PITTSBURGH, PA – Pittsburgh police will send samples of their ammunition for testing because officers worry about the bullets’ stopping power.
“If there’s an issue, which we don’t think there is, we will make sure we change it,” Assistant Chief Maurita Bryant said Friday.
She said the problem could be where officers are hitting suspects.
Fraternal Order of Police Fort Pitt Lodge No. 1 first raised concerns over a shooting March 17 in which police said Dante Bonner, 18, fired at Officer Christopher Kertis even after the suspect was hit during a gun battle in East Liberty. Those concerns were heightened Thursday, when Officer Morgan Jenkins was critically injured in a shootout with a fleeing suspect in Homewood, identified by police as James Robert Hill, 24, of Homewood.
“Any time our officers fire at an individual and the individual is able to return fire, the officers are concerned with why,” Bryant said. “There’s a lot of factors why.”
Officer Eric Engelhardt, chairman of the FOP’s officer safety committee, said the union wants a review of the ammunition.
“We’re going to look at it,” he said. “That’s all we’ve said from the beginning.”
Police chose the Federal Premium Law Enforcement HST .40-caliber ammunition in 2008 based on an FBI comparison study.
“It comes down to shot placement,” said Officer John Lubawski, who oversees firearms training at the police academy. “There is no bullet out there that will cause an actor to immediately cease.”
Acting Chief Regina McDonald said Philadelphia police use the same ammunition. Police there did not return a message seeking comment.
Acting Cmdr. Kevin Kraus said Hill was able to return fire as police shot him as many as five times during the exchange about 1:30 a.m. Thursday near Chaucer Street in Homewood. The incident began when Hill, who was on the run from a halfway house for a year, fled from Jenkins and Officer Michelle Auge when they tried to stop his speeding vehicle. He crashed the car on Apple Street, and then fought with the officers.
Auge tried to use her Taser on Hill, but inadvertently spread the shock among the two officers and Hill, said Lt. Daniel Herrmann. She broke two fingers and fractured her orbital bone during the fight.
Hill ran away with Jenkins in pursuit. Hill fired multiple times at Jenkins, hitting him once in the left arm, Herrmann said. The bullet traveled into his chest, nicked his lung and stopped close to his spine, Herrmann said. Jenkins and Auge fired at Hill, but Herrmann would not say how many shots each fired.

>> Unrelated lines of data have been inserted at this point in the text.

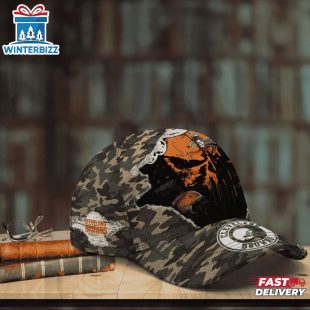 Custom Name NFL Browns Punisher Skull Baseball Cap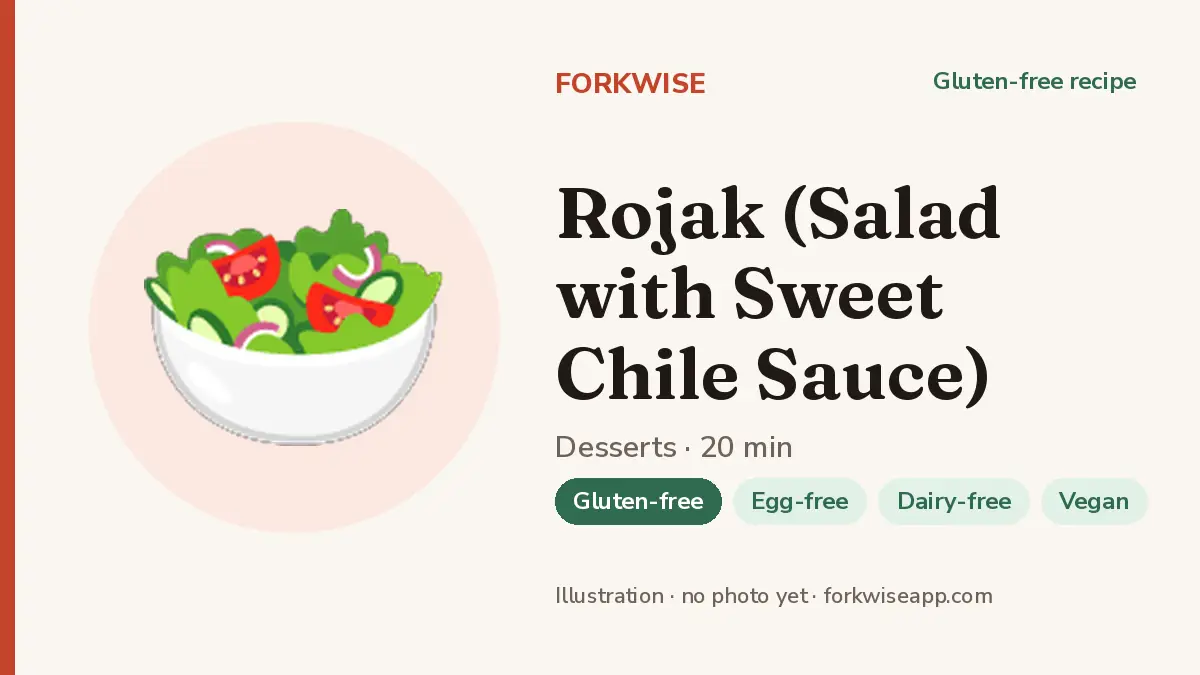 Rojak (Salad with Sweet Chile Sauce) – Forkwise recipe card (illustration, no photo yet)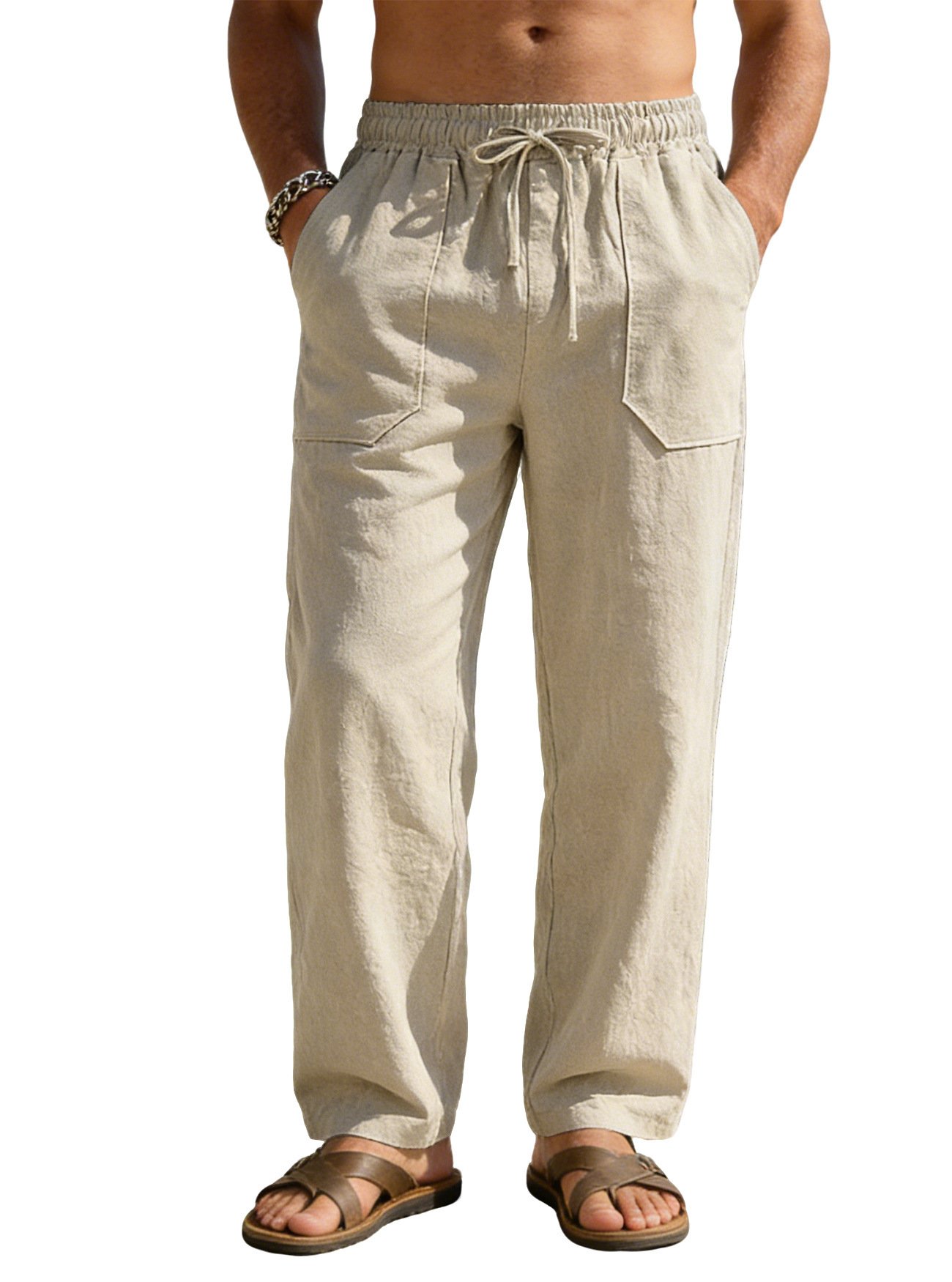 Men's Simple Cotton-Linen Loose-Flowing Wide-Leg Casual Instagram-Style Trousers - Image 4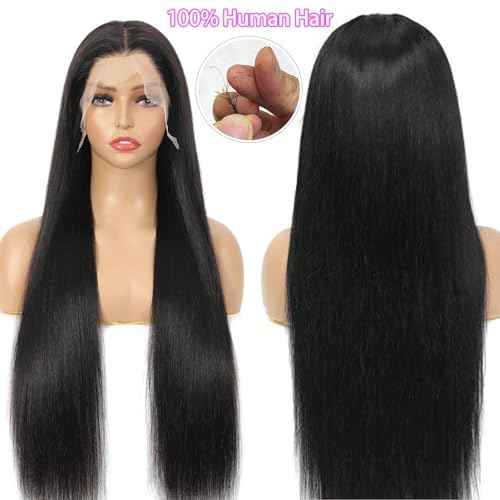 26inch 13x6 Human Hair Lace Front Wigs for Women Straight Hd Lace Front Wigs Human Hair 100 Percent Human Hair Wig Glueless Wigs Natural Color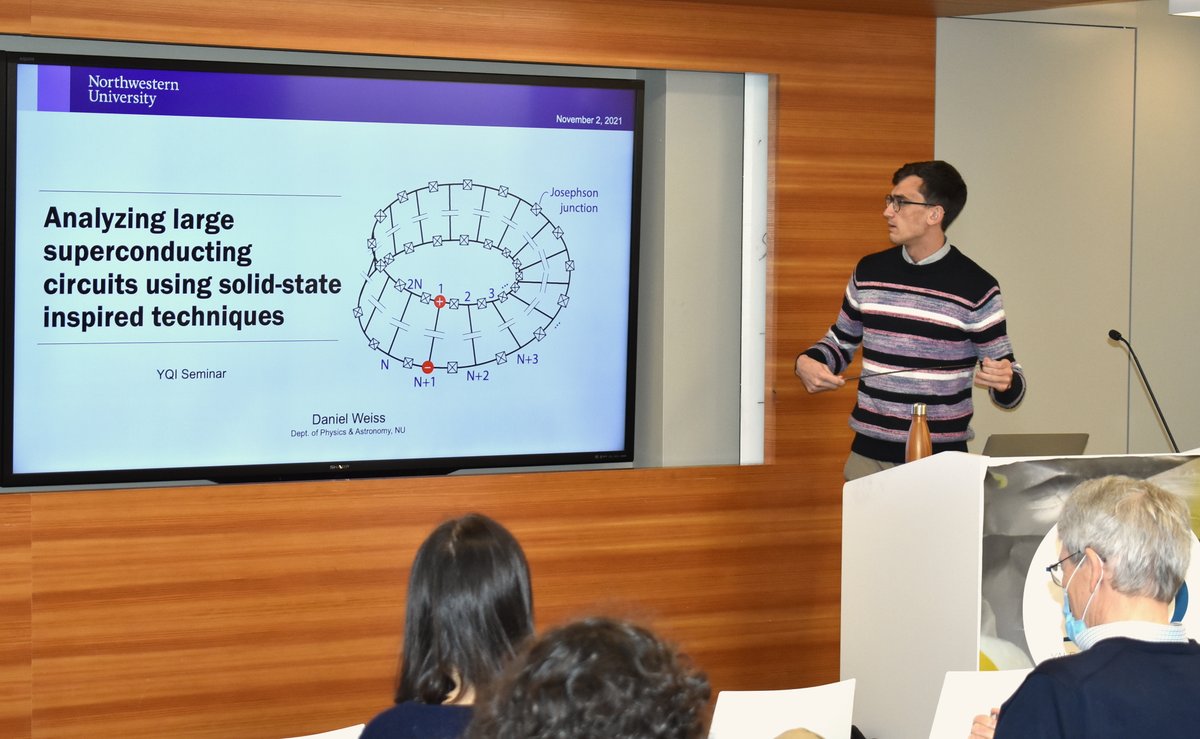 YaleQuantumInstitute (@yale_qi) on Twitter photo Kicking off this event-rich day, Daniel Weiss from <a href="/NorthwesternU/">Northwestern</a> is presenting his research on the analyze of large superconducting circuits using solid-state inspired techniques. Kicking off this event-rich day, Daniel Weiss from <a href="/NorthwesternU/">Northwestern</a> is presenting his research on the analyze of large superconducting circuits using solid-state inspired techniques.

Doctors removed the bullet from Jenkins’ back; he remained in the intensive care unit in UPMC Presbyterian, said the police lieutenant.
“His spirits are well,” Herrmann said. “His family is thankful for all the response of the city of Pittsburgh.”
Hill is in serious but stable condition at Presby under police guard, Kraus said.
A police critical-incident review board, which includes three commanders, will look into the shooting to determine if the department should address any training issues or policy violations, McDonald said.